The show is likely to fail on the national stage. Working with a format in which ‘mundane’ is considered a “big word,” Money regularly vents about his pet peeve: the failure of most people to understand the difference between disposable income and discretionary income. Where the norm is to intro shows with “nu metal” tunes from 2002, PMS strive to work in lesser known music–although for all of Petros’ yammering about San Pedro, neither The Minutemen nor Mike Watt have made it on air while I was listening. But you can already see the problem. I’m complaining that they don’t recognize The Minutemen as they enter a Jungle of Juggalos and Nickleback fans. And there are already cracks in the dam as Petros sounds like he will explode each night as he struggles to keep from openly mocking JT The Brick on the handover.

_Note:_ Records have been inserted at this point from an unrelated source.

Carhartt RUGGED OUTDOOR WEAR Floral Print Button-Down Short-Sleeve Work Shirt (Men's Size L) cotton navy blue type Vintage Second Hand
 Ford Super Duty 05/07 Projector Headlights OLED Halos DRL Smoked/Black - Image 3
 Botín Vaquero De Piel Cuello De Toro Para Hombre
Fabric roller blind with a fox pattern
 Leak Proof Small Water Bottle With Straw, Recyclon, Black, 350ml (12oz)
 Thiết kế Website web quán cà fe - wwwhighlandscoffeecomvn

Their only hope for success rests in reaching beyond the usual demographic of sports talk- the guy with 12 fantasy D-League teams who doesn’t know the names of his senators and the obese teamster who questions Manny Ramirez’s work ethic. This isn’t a show for for bombastic moralizing about the actions of a semi-literate 22-year old because he happens to play pro sports. It’s not the show for hosts and callers to pretend that they actually have some clue as to how a newly signed right guard will meld with the rest of the Seattle line. Sports is the focal point of the discussion, but the appeal of the show is just intelligent, male oriented talk. You needn’t be a serious sports fan to enjoy the show. Other cultural allusions fly into my wheelhouse, as both guys are in their early thirties. But the key is brains, more than the usual demographics. If you are smart and have a normal perspective on life, the jokes will begin to click with you. You’ll like having someone on the radio who feels like they’re hanging out with you, rather than sermonizing and promoting themselves. You’ll enjoy the emphasis on quality music and discussions of good films. If PMS are able to draw in enough sharp listeners who are looking for entertainment and stimulation, they could take over the planet. In spite of the totally unblemished track record of products marketed to smart, thoughtful people in this country, however, my advice to those in the hinterland is to savor PMS while you can.